Suggest that they trust nobody. Ordinary folks don’t have the expertise to track down phishing emails, and most certainly, malicious links anywhere. Ask a techie? I offer that for family and friends.

As for voice fakes, these are wicked. Some have suggested using a secret codeword with relatives who might be faked for ransom demands etc.

I don’t even want to click on the “personalized” URL that my auto service provider sends, as that might encourage the salespeople. But they hide the tracking URL.

If it takes hovering over every URL for a hardened techie like me, pity the average person.

Thinking about a home proxy box to sanitize things. ISP’s won’t do it because they are in on the scams (IMO) and outside and AV services cost to do a nontrivial job.

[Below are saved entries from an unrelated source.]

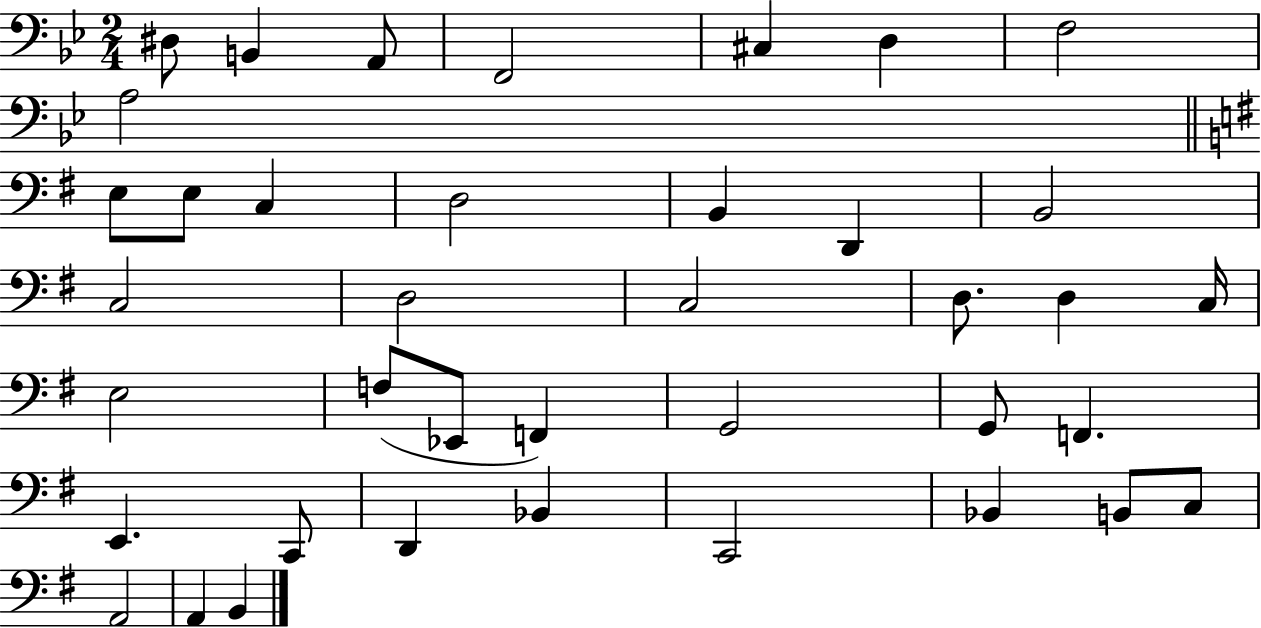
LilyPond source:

{
  \clef bass
  \numericTimeSignature
  \time 2/4
  \key bes \major
  dis8 b,4 a,8 | f,2 | cis4 d4 | f2 | \break a2 | \bar "||" \break \key g \major e8 e8 c4 | d2 | b,4 d,4 | b,2 | \break c2 | d2 | c2 | d8. d4 c16 | \break e2 | f8( ees,8 f,4) | g,2 | g,8 f,4. | \break e,4. c,8 | d,4 bes,4 | c,2 | bes,4 b,8 c8 | \break a,2 | a,4 b,4 | \bar "|."
}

Have been thinking about this for some time. Has to be dead-simple, bulletproof and zero-maintenance. Not much to ask?

JohnFen a year ago

Why are you considering your parents as some sort of special case? Your question is equally appropriate regarding anyone of any age.

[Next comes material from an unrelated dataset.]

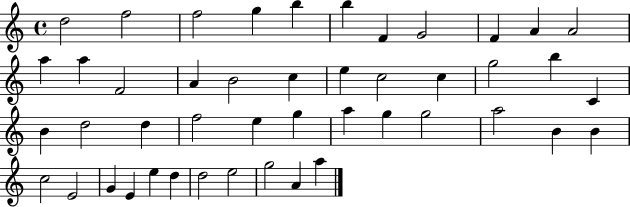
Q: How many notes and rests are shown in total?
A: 46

In any case, I would advise everyone (including your parents) to have a safe word/phrase such that everyone knows that if that word or phrase is not used in a important communication, then it isn't really from them.

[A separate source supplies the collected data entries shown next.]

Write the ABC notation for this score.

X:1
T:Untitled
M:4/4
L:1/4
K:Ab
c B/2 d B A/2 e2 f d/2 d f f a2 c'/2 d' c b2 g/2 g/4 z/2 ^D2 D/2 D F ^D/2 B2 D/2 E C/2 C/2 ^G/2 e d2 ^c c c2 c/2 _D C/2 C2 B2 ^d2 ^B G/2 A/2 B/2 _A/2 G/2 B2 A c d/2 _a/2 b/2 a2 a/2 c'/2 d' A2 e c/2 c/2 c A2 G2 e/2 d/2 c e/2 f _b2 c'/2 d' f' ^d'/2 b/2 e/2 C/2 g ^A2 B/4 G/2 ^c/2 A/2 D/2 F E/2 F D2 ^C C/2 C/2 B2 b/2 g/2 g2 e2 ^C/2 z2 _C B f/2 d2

Beyond that, the usual safety rules apply: never click on links, never talk to businesses if they call you (look up their number and call them back if it seems important), etc.

  • badrunawayOP a year ago

    So, my reasoning is little stupid but it goes like this. I am in my 30s. Let's say if I lose all my money in a scam also - I have time to earn it back and still make it back. Whereas our elders (parents are 60+) who have savings and rely on their savings and can't really earn now - and also have lot of medical bills to pay with their age ==== for them it's like one-shot ending right? That's why I considered them as special case.

    • JohnFen a year ago

      That's not stupid reasoning, and I don't know you or your parents. But in the short snippet you wrote, I was interpreting your question as being based on the supposition that your parents are somehow too naive or inexperienced to understand and protect themselves. That's the part that I question.

      Particularly since the answer to your question is no different than if you asked the question about anybody of any age.

      • badrunawayOP a year ago

        I guess I need to tell them to not even send any personal detail / bank detail to anyone including me. I sort of felt like may be there is a better solution than just trusting them to follow this. Like we have insurance for death kind of scenarios and medical insurance.. some sort of systematic protection would have been better.

orbat a year ago

Shit, how do I protect myself from evolving AI-based scams? I'm middle-aged and not in the IT industry anymore, and scams like the Booking.com (I think it was?) one where the scammers were able to send valid emails almost got me already.

  • badrunawayOP a year ago

    That's also a fear I have. But having grown up on internet it helps in adjusting to these changes fast. Secondly, I got a degree in CS and been a developer for a decade so yeah I know a video can be a deepfake instinctively. It's harder to scam us than a generation who retired already when deepfake/deepvoicecloning arrived and may be never had a CS exposure.